„Betroffenheitspädagogik greift nicht“

Matthias Heyl, der Leiter der Hamburger Forschungs- und Arbeitsstelle „Erziehung nach/über Auschwitz“, über die Schwierigkeit, Migrantenkindern den Holocaust zu erklären und Mitgefühl mit den Opfern zu wecken

taz: Trägt der Geschichtsunterricht zum Nationalsozialismus der heterogenen Schülerschaft Rechnung?

Matthias Heyl: In den Unterrichtsplänen taucht die Frage der Multikulturalität für die Behandlung des Themas Nationalsozialismus kaum auf. Man fängt gerade an, über interkulturellen Geschichtsunterricht nachzudenken. Umgekehrt glauben aber viele Lehrer, der Umweg über Auschwitz bringe Jugendliche zu einer positiveren Haltung gegenüber Minderheiten. Das führt in die Irre.

Weshalb?

Dieses „Damals waren es die Juden, heute sind es die Türken“ wird weder den Juden in Nazideutschland noch Migranten in der Bundesrepublik gerecht. Und es ist doch auch eine gnadenlose Pädagogik, die türkischen Jugendlichen vermittelt: „Auschwitz ist die Folie, vor der ihr eure Zukunft sehen müsst.“

Also brauchen die Lehrer Nachhilfe?

Wir haben die Lehrerfortbildungen in den Ländern zu den Themen NS-Zeit und Holocaust für die vergangenen zehn Jahre untersucht. Mit den Seminaren wurde nur ein Bruchteil der in Frage kommenden Lehrer erreicht. Und die Herausforderung, das Thema in multikulturellen Klassen zu behandeln, ist dabei nur in Einzelfällen Gegenstand gewesen. Ein grundsätzliches Problem ist, dass es kaum Austausch zwischen Erziehungswissenschaft, pädagogischer Praxis und Politik gibt.
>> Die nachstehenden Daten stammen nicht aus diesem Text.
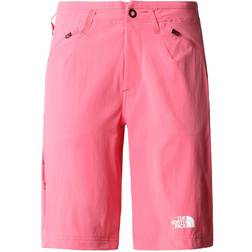 The North Face Damen Trekkingshorts SPEEDLIGHT SLIM STRAIGHT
Was müsste denn anders gemacht werden?

Mit zeitlichem Abstand zur NS-Zeit muss man über neue Methoden nachdenken, etwa den Einsatz neuer Medien. Es geht aber noch um etwas anderes. In einer Klasse habe ich erlebt, wie der einzige Schüler afrikanischer Herkunft neben dem einzigen Skinhead saß und sagte, ihm gingen die alten Menschen am Arsch vorbei, die um ihre ermordeten Eltern weinten. Wir müssen den Jugendlichen Empathie vermitteln.

Wie kann man denn Emphatie vermitteln?

Ich höre von Lehrern auf Fortbildungen, dass es vor allem um ein verändertes Arbeiten geht. Die stellen aber auch fest, dass sie bei ihren Schülern mit deutschem Hintergrund ganz anders vorgehen müssen. Die Verunsicherung der Lehrer ist also viel existenzieller. Eine bestimmte Form der Betroffenheitspädagogik greift nicht mehr. In den Siebzigerjahren haben wir Formen von identifikatorischem Lernen entwickelt und geschaut, was damals „vor Ort“ passiert ist. Wenn die Jugendlichen aber in einer Neubausiedlung in Berlin-Marzahn leben, wo diese Geschichte so nicht stattgefunden hat, und sie sich auch nicht mit dem Stadtteil identifizieren, funktioniert das nicht mehr.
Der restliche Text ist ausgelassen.